Still, none of this has stopped the media from printing scary graphics showing how the disease you almost certainly will not contract will affect you if it does, giving tips on how to “stay safe,” putting terrifying things in their headlines like “containing new coronavirus may not be feasible, using the word “pandemic” to describe something that is not actually a pandemic, running fantasy simulations to show what might happen in a “hypothetical” worst-case scenario, and urging the public to “protect” itself.
I don’t mean to spoil the twist ending, but here’s how to protect yourself from the coronavirus if you live in America: Do nothing special at all. Carry on with your life. Wash your hands. Avoid ingesting the bodily fluids of strangers, as much as possible. Do all of the normal things you would do to maintain a healthy life. Media reports indicate that face masks are an “ineffective” way of preventing the spread of the virus. What the reports forget to mention is that it would be a sign of delusional paranoia if a person in the United States went around wearing a mask for fear of a disease that almost nobody in this hemisphere actually has.
I am not downplaying the significance of this illness.

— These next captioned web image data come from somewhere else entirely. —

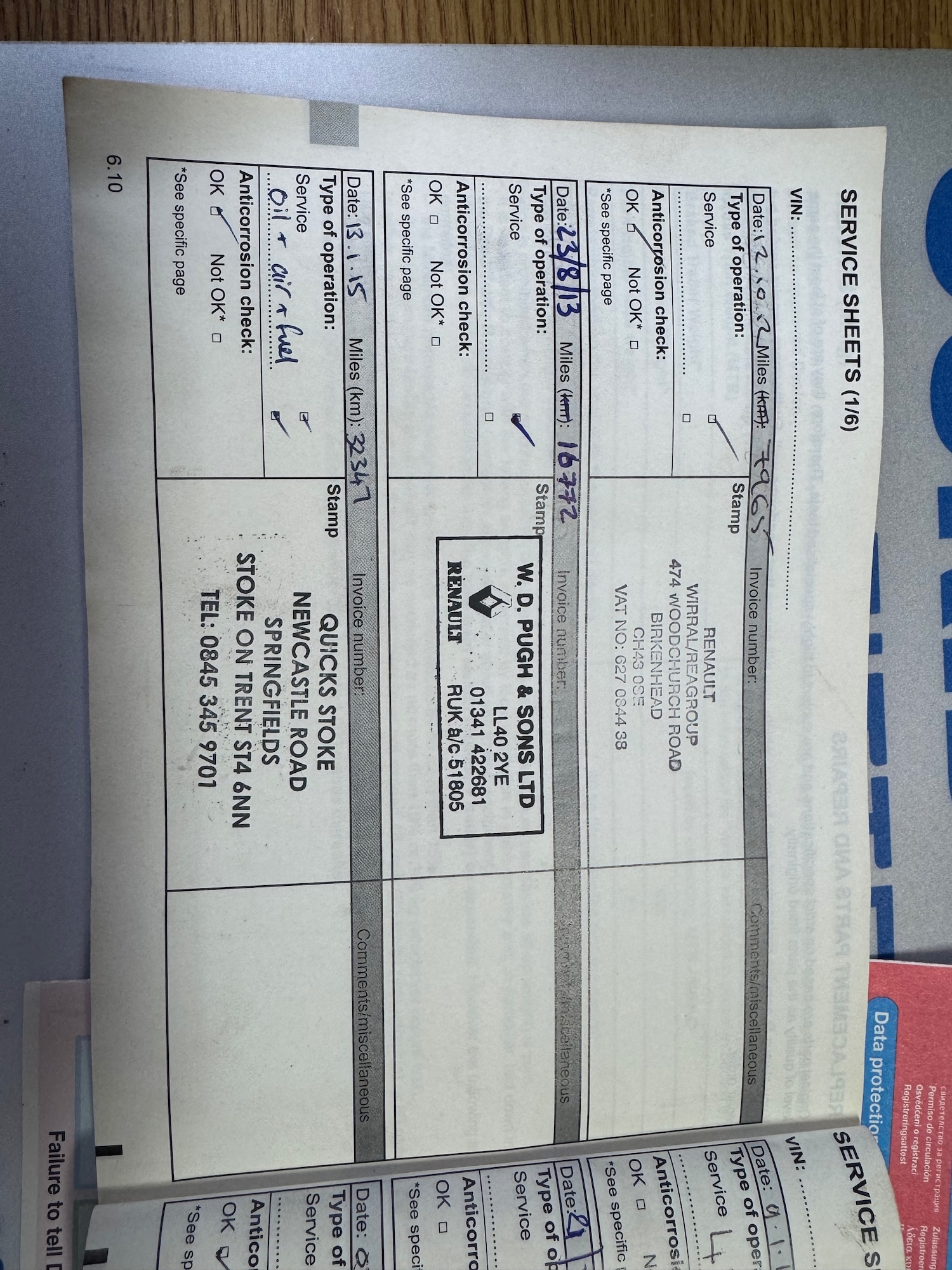 Used Renault Scenic 2011 for sale - 77055699: Photo 37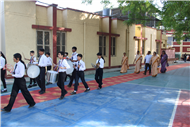 INVESTITURE CEREMONY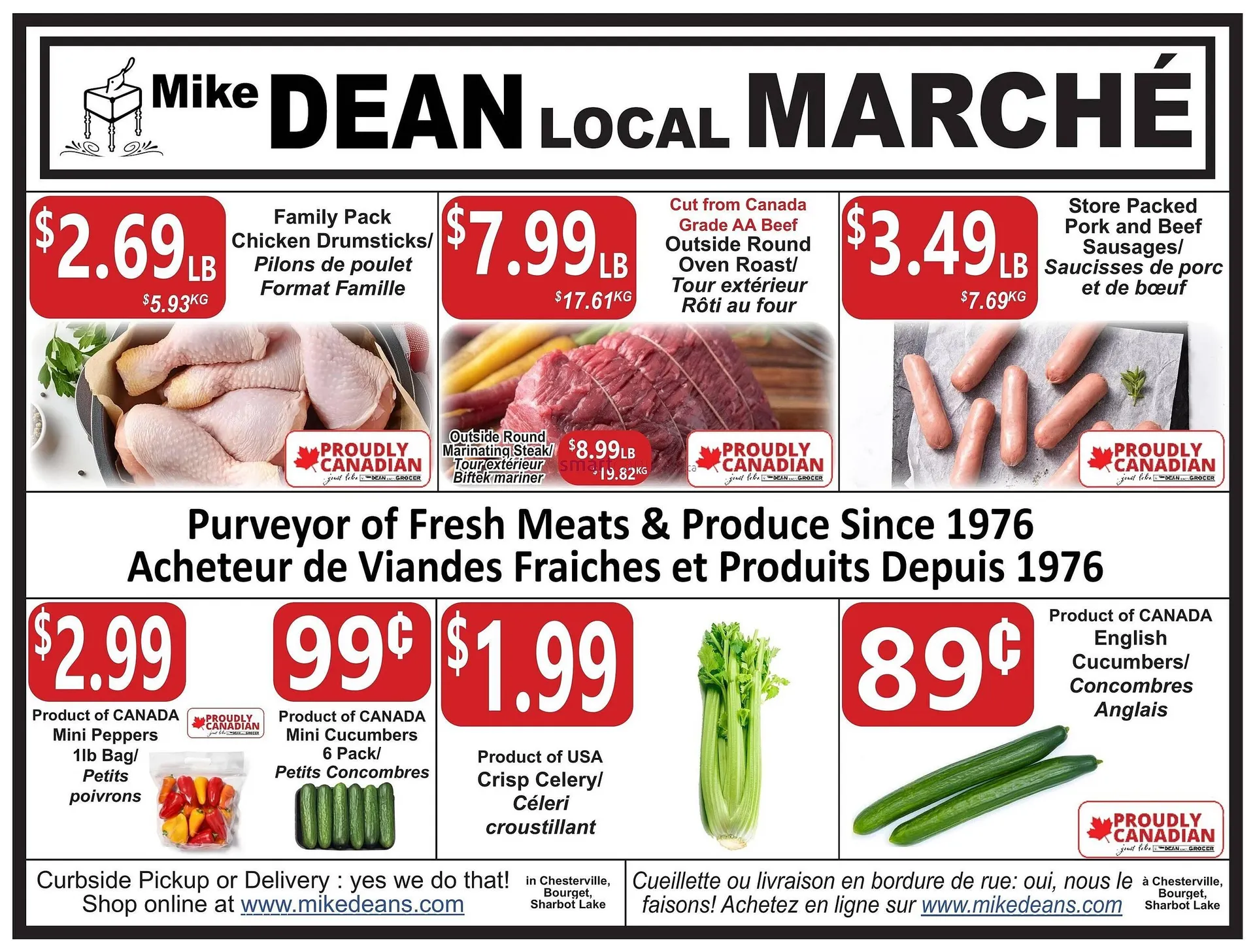 Mike Dean's Super Food flyer from May 9 to May 14 2025 - flyer page 3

For people who live in China, especially in or near Wuhan, this is a very real public health emergency. But many parts of the world are plagued by many illnesses that either rarely make it onto our shores, or are easily contained and treated when they do. Tuberculosis still kills millions across the globe while comparatively few die from it in this country. Meningitis is a major killer in Africa but claims only a few hundred lives annually in the United States. For all the lumps our health care system takes, deserved and undeserved, the fact is that we generally don’t die from a great many diseases that kill a great many people elsewhere on Earth. And that is why the relatively high mortality rate of the coronavirus is not proof that the disease itself is significantly deadlier than garden-variety pneumonia. All we know is that it is potentially deadlier in Wuhan, where every disease is potentially deadlier.
If you’re a U.S. citizen looking for a disease to worry about, I could suggest more relevant options. The common flu, for example, killed 57,000 people in the U.S. alone last year, which is actually significantly lower than the death toll the year before. That’s a body count nearly 1,000 times higher than the current figure for the coronavirus. And we’re talking about U.S. deaths, in this case. True, most people who die of the flu are either very old or very young. But the same is the case for the coronavirus. Even the aforementioned tuberculosis and meningitis are more reasonable candidates for public panic. Pretty much any disease would be, considering the current death toll for the coronavirus in America is zero. If that number jumps from zero to one, or three, or even fifteen, there still would be no reason for panic. The media wants you to panic because panic means clicks, and clicks generate revenue. Don’t fall for it. Again.